Data shown:
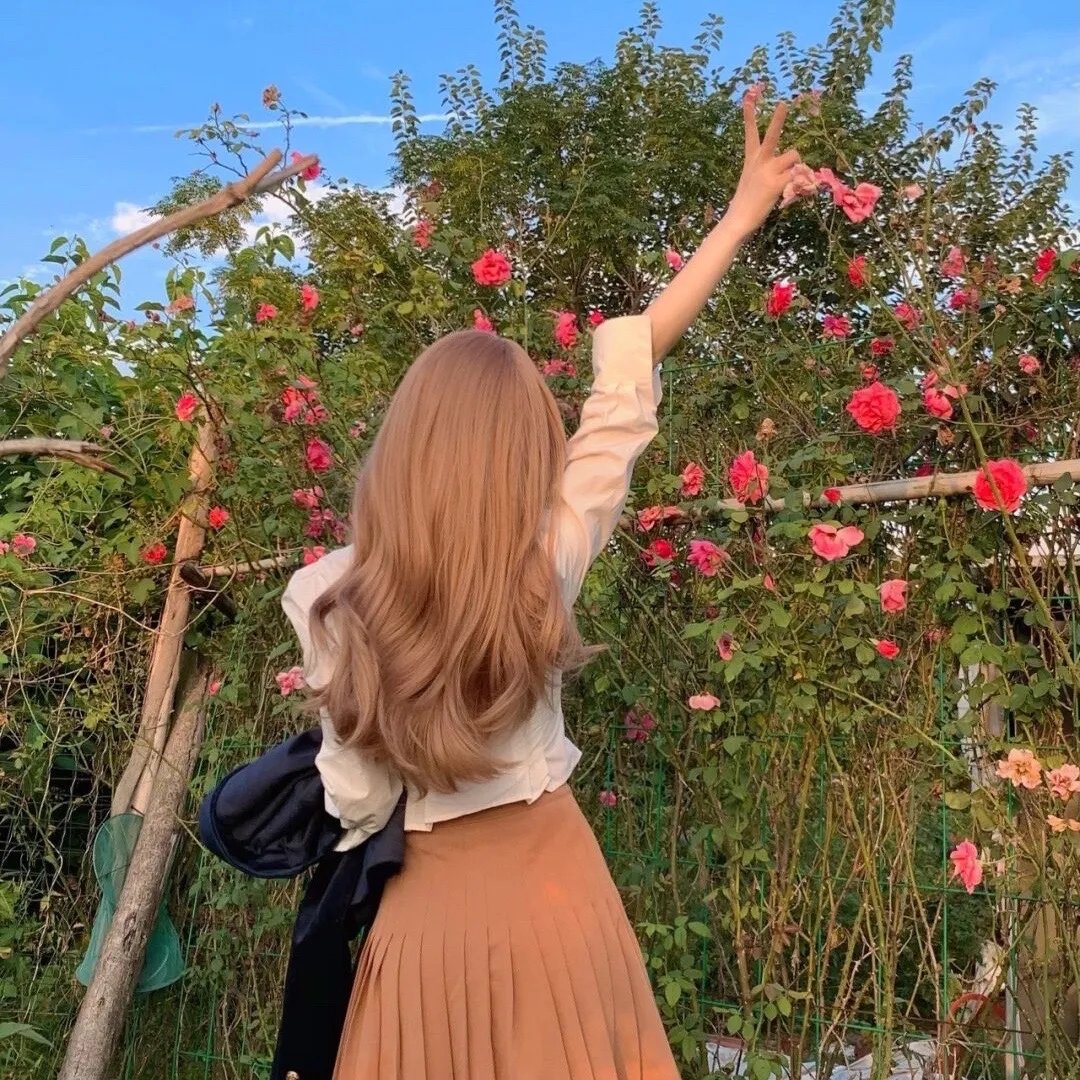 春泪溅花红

---

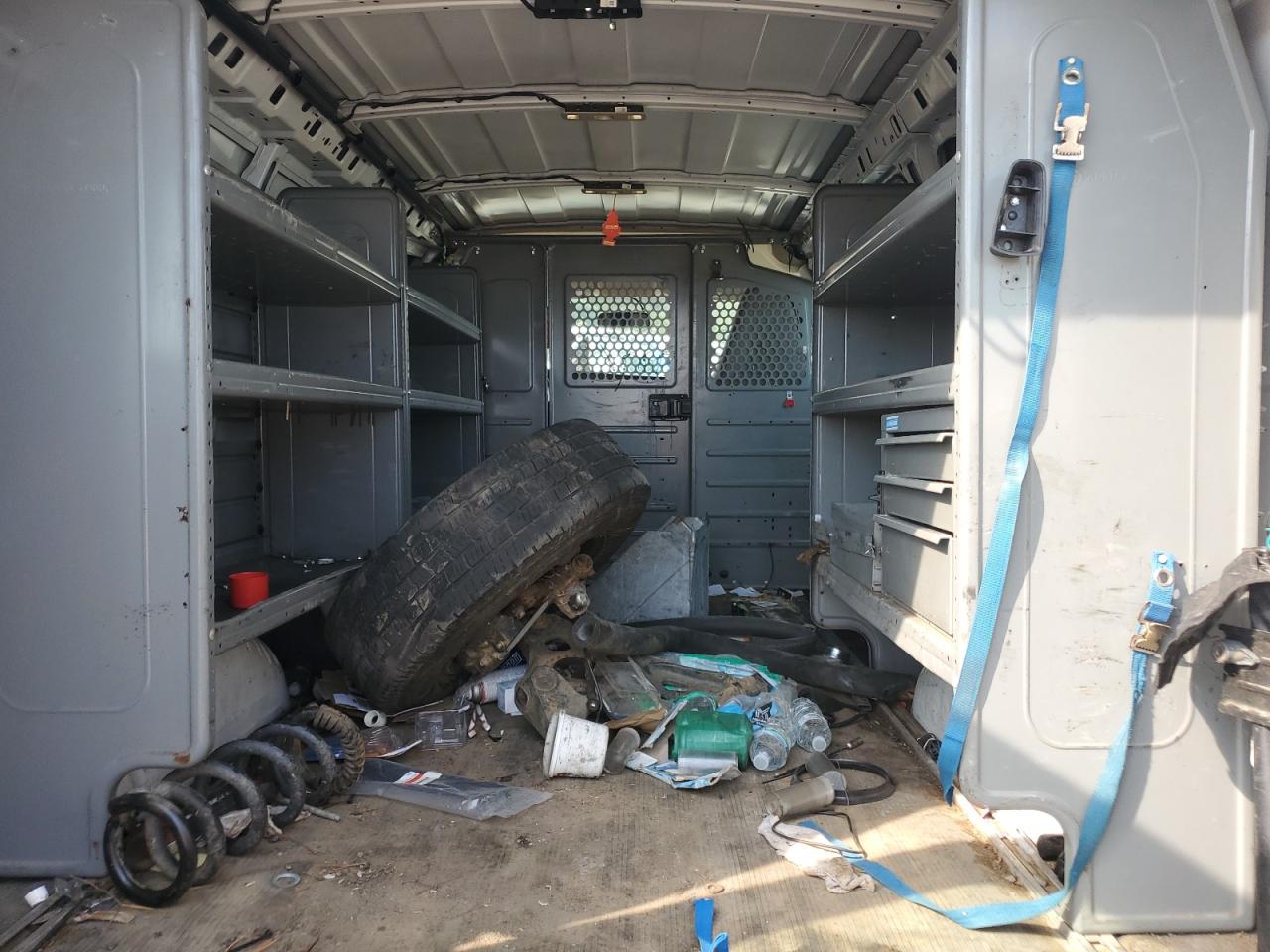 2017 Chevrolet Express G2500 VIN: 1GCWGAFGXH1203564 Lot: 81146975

==

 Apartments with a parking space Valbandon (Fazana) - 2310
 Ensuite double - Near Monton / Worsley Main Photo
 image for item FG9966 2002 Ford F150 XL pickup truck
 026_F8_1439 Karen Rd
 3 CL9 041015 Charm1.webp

Brief: When you reach the line with "Apartments with a" in the records above, start writing out lines exactly, and stop once the line with "3 CL9 041015 Charm1.webp" has been written; include nothing else.

Output of the exercise:
 Apartments with a parking space Valbandon (Fazana) - 2310
 Ensuite double - Near Monton / Worsley Main Photo
 image for item FG9966 2002 Ford F150 XL pickup truck
 026_F8_1439 Karen Rd
 3 CL9 041015 Charm1.webp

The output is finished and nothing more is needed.